Professional shotgun microphones have a selection of features and styles for a variety of prices and quality. Here, I will look at the standards available, their costs, usability and recording quality.
Rode and Audio-Technica seem to hold the top stop in the industry overall, with other shotgun mics competing for an ever tighter budget spot – like Sennheiser and Shure.
We’ll start the article look at the best shotgun mics list. After that, we’ll take some time outlining the various buying decisions and feature sets of good shotgun mics.
Best Shotgun Mic – The List
Let’s look at some modern shotgun mics and their advantages and disadvantages. Shotgun mics are usually about a foot long (or under), made of metal, and have a fixed point bracket to hold them to a stand, boom arm, or your camera itself.
Without further ado, here’s our list of the best shotgun mics.
The Rode NTG3 is a great shotgun mic, for both quality and reliability. There is a G4 model.
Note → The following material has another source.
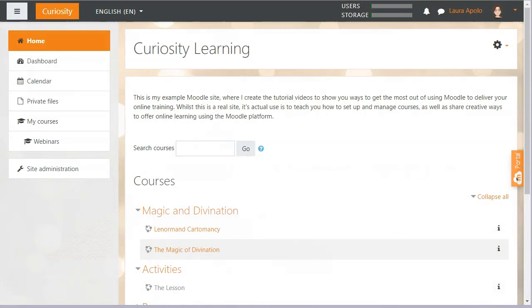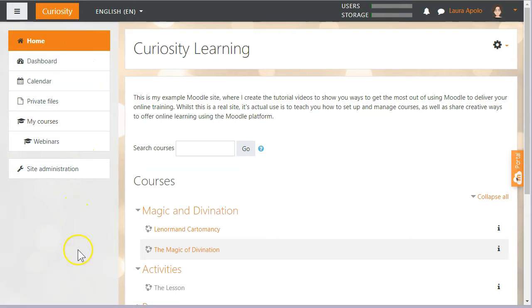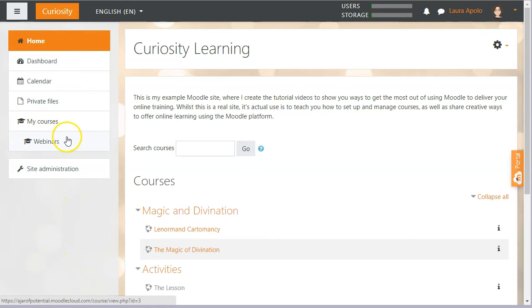Navigating your way through Moodle is really simple. Usually you'll have this side navigation menu appear with all of your regular links and any courses you might be enrolled in.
However, due the success and reputation of G3, I thought it was better to focus on tried and tested mics, after all newer isn’t always better.
Low self-noise and excellent sound quality is boasted here and this is why this shotgun mic is so popular amongst the professional community. The Rode NTG3 has the best quality for money ratio on the market.
This mic is so well made and durable. Interestingly, it’s even the choice for projects in humid climates, where other shotgun mics might not perform so well.
Sound range and clear sound is great with this mic making it difficult to find any fault with this professional piece of equipment.
Sennheiser has a slightly brighter more ambient sound. However, the sound is so clear and the performance so reliable, it is difficult not to name the Rode NTG3 the winner straight away.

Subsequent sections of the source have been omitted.